Os casos mais graves são dos aqüíferos dos Estados Unidos, México, Índia, China e Paquistão, mas também há crise em algumas partes da Europa, África e Oriente Médio. De acordo com os números apresentados pelo Conselho Mundial da Água, atualmente existem cerca de 800 mil reservatórios e represas, grandes e pequenos, em todo o mundo, para armazenar água de abastecimento. Através deles, porém, controla-se apenas um quinto do escorrimento superficial da água de chuva do planeta.
O resto vai parar no mar, sobretudo no caso de bacias hidrográficas extremamente Impermeabilizadas, ao longo das quais as cidades, estradas e mesmo determinadas práticas agrícolas inviabilizam a penetração de parte das chuvas no solo, ou a chamada recarga dos aqüíferos. Para reverter os problemas decorrentes desta falta de reposição natural – aliada à super exploração ou contaminação de aqüíferos – alguns países estão reabilitando velhas práticas ou adotando novas leis e medidas de emergência. Um dos exemplos de sucesso, citados durante o fórum, é o da Índia, que reformou 300 mil poços para possibilitar a infiltração da água de chuva através deles. Além disso, foram construídas diversas estruturas de pequeno e médio porte para captar água de chuva e fazê-la infiltrar no solo.
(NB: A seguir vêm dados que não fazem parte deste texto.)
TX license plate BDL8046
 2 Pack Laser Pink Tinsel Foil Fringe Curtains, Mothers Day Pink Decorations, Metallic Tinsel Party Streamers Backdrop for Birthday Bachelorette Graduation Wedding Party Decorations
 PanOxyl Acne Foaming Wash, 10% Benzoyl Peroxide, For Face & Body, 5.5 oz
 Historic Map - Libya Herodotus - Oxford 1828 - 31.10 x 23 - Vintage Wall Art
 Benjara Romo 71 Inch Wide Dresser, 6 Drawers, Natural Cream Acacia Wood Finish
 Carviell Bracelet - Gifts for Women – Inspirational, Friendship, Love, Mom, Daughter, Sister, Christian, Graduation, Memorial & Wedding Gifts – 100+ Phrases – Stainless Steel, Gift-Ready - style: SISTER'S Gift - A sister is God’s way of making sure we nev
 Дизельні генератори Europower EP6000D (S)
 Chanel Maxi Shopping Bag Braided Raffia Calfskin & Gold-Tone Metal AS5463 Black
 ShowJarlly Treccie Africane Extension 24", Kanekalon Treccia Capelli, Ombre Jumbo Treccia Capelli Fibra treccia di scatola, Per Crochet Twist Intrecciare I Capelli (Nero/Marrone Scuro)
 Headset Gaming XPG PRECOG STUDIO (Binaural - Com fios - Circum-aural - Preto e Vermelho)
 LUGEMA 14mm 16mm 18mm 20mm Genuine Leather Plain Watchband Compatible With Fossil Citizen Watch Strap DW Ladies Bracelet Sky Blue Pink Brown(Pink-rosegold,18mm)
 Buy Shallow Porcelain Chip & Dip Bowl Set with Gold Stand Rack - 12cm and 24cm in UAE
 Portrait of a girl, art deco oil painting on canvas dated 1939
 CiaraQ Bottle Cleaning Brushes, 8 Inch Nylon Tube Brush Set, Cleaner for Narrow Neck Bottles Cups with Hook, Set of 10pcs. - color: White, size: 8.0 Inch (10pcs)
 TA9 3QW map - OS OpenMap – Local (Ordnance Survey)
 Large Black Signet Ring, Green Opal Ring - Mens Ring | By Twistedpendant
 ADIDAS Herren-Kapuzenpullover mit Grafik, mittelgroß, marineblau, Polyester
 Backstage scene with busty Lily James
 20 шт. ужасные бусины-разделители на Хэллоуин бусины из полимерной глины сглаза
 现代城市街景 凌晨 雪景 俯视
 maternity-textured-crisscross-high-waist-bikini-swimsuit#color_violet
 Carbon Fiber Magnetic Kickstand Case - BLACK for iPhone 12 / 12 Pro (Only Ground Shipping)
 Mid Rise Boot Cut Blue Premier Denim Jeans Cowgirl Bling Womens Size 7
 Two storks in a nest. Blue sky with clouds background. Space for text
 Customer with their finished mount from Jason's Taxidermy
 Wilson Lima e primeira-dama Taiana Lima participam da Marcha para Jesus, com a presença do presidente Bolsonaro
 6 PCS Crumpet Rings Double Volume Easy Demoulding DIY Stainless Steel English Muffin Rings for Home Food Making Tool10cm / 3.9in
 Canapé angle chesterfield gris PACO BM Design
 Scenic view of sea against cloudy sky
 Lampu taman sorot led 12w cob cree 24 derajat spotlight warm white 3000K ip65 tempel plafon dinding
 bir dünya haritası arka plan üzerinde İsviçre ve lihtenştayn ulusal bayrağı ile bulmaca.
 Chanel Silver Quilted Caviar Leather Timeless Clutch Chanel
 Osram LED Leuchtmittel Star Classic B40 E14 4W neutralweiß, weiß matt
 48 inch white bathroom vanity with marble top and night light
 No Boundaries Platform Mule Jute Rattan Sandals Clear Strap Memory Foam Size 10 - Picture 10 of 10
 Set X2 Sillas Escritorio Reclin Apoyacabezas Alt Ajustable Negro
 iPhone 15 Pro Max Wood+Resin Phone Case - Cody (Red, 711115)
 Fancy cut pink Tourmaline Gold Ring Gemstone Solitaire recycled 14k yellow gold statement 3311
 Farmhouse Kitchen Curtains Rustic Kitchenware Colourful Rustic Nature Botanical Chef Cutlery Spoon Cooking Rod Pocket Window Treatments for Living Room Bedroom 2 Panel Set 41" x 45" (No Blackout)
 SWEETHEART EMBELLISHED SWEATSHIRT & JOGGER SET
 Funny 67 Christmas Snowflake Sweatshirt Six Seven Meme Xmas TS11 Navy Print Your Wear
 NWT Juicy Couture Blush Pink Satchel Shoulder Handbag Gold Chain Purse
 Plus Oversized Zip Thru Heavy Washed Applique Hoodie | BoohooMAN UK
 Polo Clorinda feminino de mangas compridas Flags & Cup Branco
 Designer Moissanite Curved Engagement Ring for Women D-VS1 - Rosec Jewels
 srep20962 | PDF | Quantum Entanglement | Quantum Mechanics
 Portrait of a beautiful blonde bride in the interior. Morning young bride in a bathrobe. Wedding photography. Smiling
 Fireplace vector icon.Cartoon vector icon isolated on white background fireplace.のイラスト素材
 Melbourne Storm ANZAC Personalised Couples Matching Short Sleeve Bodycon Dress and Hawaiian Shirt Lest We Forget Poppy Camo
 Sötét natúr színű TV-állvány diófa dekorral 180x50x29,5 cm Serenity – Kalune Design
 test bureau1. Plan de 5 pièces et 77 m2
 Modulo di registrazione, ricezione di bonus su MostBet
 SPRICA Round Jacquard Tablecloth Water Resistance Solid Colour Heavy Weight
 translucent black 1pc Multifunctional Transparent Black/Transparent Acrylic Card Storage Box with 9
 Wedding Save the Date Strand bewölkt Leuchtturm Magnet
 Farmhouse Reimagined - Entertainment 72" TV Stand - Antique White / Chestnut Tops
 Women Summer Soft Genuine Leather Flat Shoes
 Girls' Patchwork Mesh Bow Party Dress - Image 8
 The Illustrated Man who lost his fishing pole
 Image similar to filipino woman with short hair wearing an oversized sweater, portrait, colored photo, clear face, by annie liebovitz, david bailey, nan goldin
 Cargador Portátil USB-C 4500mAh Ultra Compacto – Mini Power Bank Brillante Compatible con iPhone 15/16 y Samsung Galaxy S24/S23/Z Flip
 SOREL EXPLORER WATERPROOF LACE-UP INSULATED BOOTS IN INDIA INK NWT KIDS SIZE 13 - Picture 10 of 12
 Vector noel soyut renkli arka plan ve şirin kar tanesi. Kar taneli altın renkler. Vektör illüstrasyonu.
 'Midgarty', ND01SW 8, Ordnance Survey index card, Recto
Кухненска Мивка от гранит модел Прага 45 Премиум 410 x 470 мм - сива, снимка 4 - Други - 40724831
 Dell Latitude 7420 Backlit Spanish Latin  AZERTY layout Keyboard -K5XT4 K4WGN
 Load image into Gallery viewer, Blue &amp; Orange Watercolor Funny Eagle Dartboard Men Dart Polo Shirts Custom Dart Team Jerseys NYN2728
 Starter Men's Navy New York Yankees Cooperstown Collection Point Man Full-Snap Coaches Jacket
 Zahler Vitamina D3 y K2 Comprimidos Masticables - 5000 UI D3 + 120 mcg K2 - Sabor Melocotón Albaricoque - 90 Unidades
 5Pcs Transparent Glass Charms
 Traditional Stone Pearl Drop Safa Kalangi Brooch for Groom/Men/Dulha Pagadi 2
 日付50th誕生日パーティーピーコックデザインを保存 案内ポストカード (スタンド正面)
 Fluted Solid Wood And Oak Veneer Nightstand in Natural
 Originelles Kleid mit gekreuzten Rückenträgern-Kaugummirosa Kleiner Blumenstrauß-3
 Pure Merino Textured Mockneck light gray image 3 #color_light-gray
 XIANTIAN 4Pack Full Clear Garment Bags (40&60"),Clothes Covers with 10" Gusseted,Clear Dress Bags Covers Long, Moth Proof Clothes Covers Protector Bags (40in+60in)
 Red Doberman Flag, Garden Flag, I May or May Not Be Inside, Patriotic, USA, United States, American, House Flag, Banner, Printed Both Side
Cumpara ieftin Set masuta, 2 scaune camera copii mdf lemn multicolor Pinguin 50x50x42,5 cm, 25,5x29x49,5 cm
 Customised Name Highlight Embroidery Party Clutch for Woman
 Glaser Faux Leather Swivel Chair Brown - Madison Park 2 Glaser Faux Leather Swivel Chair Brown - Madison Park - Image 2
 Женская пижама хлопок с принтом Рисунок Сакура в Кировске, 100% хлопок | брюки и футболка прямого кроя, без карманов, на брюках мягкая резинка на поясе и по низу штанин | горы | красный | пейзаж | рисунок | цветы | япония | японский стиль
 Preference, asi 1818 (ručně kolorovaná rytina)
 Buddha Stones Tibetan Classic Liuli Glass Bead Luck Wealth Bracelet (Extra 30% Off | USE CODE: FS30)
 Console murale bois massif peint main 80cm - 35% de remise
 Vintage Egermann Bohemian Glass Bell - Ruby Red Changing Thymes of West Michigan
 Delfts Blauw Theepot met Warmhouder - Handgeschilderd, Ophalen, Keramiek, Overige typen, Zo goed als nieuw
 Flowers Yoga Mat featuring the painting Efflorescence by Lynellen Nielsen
No sul do país, pelo menos 200 mil tanques de irrigação, a maioria deles com mais de 100 anos, foram transformados para receber água.
Como resultado, numa área de 6.500km2, pequenas minas e nascentes secas voltaram a verter água. Também estão sendo reabilitadas as velhas cisternas para captação doméstica de água de chuva, que haviam sido substituídas nos tempos modernos por água encanada. No México, a super exploração do aqüífero Hermosillo obrigou à edição de uma lei especial, em 1992, segundo a qual cada habitante tem uma cota de água, que pode ser negociada.
Muitos fazendeiros, apesar de ter reduzido o uso de água subterrânea para irrigação, foram inicialmente obrigados a comprar cotas extras. Diante dos custos proibitivos, gradativamente acabaram com as culturas irrigadas de alto consumo de água como milho e feijão e passaram a produzir uvas ou abóboras, de maior valor agregado por litro de água consumida. Em dez anos, a lei conseguiu reduzir o consumo das águas do Hermosillo em 50%.
Na África do Sul, a disseminação de uma erva daninha exótica foi identificada como a causa do aumento de consumo de água, detectado em uma área de 10 milhões de hectares. Muito agressiva, a erva exótica tomou o lugar de algumas plantas nativas, consumindo 7% a mais de água dos solos. Uma força tarefa de 42 mil homens foi mobilizada para combater a erva invasora, num programa chamado “Working for Waters” (Trabalhando pela Água).
Estima-se que eles tenham pelo menos 20 anos de trabalho pela frente até erradicar a erva. Nos Estados Unidos, alguns subsídios agrícolas ainda favorecem a irrigação, conduzindo ao desperdício de água. Para proteger os aqüíferos nortes americanos, tais subsídios terão de ser revistos e a população deverá pagar mais por frutas e vegetais domésticos ou algodão, arroz e cana-de-açúcar, que lá são culturas dependentes de irrigação.
“A reforma mais importante nas políticas de recursos hídricos, por nós recomendada, é um ajuste de preços que torne o custo de recuperação sustentável”, continua Seralgedin. “Fazendeiros, indústrias e consumidores se acostumaram à água gratuita ou subsidiada, tanto nas nações ricas como nas pobres, o que deturpou o uso da água e levou à super exploração e ao desperdício dos aqüíferos”.